Dieser ganze Tross musste im Laufe der heutigen Verhandlung aber ohnehin spontan weiterziehen. Im Laufe der vormittäglichen Zeugenbefragung steigerte sich nämlich der Baulärm in der unmittelbaren Umgebung des Saales auf ein Maß, dass man letztlich kein Wort mehr verstehen konnte. Eine gewisse Ironie in einem Prozess, in dem es viel um das Thema Wohnungssanierung geht.
Schwieriger Zeugen-Fahrplan
Ein weiteres Grundproblem des Verfahrens, welches das Gericht bisher nicht in den Griff bekommen hat, ist die zeitliche Komponente. Auch am Freitag war es wieder einmal nicht möglich, alle für diesen Tag geplanten Zeuge einzuvernehmen. Verhandelt wird von 9.30 Uhr bis 14 Uhr. Obwohl Richter Tolstiuk wegen der kurzfristigen Übersiedlung diesmal noch eine halbe Stunde dranhängte, war es nicht möglich, den zweiten Zeugen des Tages, einen Sektionschef aus dem Innenministerium, fertig zu befragen.

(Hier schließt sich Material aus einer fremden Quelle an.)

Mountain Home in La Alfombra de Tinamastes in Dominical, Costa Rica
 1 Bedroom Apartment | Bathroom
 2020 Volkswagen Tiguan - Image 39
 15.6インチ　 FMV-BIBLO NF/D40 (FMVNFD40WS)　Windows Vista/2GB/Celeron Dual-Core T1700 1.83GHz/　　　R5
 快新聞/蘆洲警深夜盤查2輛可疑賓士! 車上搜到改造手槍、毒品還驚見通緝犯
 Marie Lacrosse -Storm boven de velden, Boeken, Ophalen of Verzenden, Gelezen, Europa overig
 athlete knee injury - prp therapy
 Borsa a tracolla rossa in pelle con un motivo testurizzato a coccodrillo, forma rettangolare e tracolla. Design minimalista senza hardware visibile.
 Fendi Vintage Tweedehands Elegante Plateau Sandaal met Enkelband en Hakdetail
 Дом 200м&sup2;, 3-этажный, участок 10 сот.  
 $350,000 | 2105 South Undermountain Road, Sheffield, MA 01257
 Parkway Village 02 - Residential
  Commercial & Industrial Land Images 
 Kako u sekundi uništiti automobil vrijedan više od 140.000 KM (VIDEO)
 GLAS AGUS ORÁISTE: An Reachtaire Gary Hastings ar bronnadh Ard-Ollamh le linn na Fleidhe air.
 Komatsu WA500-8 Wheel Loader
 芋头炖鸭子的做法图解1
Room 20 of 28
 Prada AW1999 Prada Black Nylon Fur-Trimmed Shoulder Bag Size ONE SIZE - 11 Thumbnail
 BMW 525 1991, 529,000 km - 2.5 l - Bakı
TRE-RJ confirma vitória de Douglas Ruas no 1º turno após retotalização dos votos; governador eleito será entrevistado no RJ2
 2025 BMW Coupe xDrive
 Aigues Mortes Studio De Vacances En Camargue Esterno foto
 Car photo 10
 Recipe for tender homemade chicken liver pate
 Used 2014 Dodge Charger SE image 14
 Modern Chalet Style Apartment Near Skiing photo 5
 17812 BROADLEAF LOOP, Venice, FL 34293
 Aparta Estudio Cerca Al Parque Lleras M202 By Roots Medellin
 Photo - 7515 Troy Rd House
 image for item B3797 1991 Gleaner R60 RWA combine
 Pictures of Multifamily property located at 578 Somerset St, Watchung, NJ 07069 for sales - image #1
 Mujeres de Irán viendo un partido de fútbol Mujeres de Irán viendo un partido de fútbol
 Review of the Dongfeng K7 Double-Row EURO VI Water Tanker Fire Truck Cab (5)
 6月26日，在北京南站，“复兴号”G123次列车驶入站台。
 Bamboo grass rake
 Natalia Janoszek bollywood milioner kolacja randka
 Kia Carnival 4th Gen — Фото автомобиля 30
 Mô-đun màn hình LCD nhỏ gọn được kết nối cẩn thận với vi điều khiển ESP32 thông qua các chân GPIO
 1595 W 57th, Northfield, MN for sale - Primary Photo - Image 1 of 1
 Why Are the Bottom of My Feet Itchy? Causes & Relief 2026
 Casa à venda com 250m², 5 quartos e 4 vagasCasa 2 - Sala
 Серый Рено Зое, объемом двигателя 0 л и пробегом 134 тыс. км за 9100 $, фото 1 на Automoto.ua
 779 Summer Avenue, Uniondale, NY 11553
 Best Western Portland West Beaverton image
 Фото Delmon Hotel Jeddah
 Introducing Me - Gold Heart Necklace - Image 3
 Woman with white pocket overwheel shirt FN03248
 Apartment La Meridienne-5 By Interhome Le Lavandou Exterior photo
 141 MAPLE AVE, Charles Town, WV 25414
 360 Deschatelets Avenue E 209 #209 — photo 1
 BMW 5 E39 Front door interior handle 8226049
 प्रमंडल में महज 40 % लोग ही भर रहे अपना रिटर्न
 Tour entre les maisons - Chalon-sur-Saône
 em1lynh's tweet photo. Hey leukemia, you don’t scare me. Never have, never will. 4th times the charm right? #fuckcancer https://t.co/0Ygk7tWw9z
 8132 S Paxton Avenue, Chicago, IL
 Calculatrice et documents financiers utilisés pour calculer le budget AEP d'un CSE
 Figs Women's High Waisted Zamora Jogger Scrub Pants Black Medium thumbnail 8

Auch dieser Spitzenbeamte saß einst zumindest in einem Teil des mutmaßlichen Tatzeitraums im Kuratorium des ÖIF. Spannend waren seine Aussagen weniger in Bezug auf die Wohnungsverkäufe als mit Blick auf einen der Nebenaspekte. Die WKStA wirft dem angeklagten Ex-Geschäftsführer des Fonds auch vor, noch 2009 insgesamt 750.000 Euro für Wohnungssanierungen an den ebenfalls angeklagten Hausverwalter ausbezahlt zu haben – obwohl man da ja gerade drauf und dran war, die letzten der Eigentumswohnungen zu verkaufen, um sich die Sanierung zu ersparen. „Das erschließt sich mir bis heute nicht“, sagte der Sektionschef nun vor Gericht.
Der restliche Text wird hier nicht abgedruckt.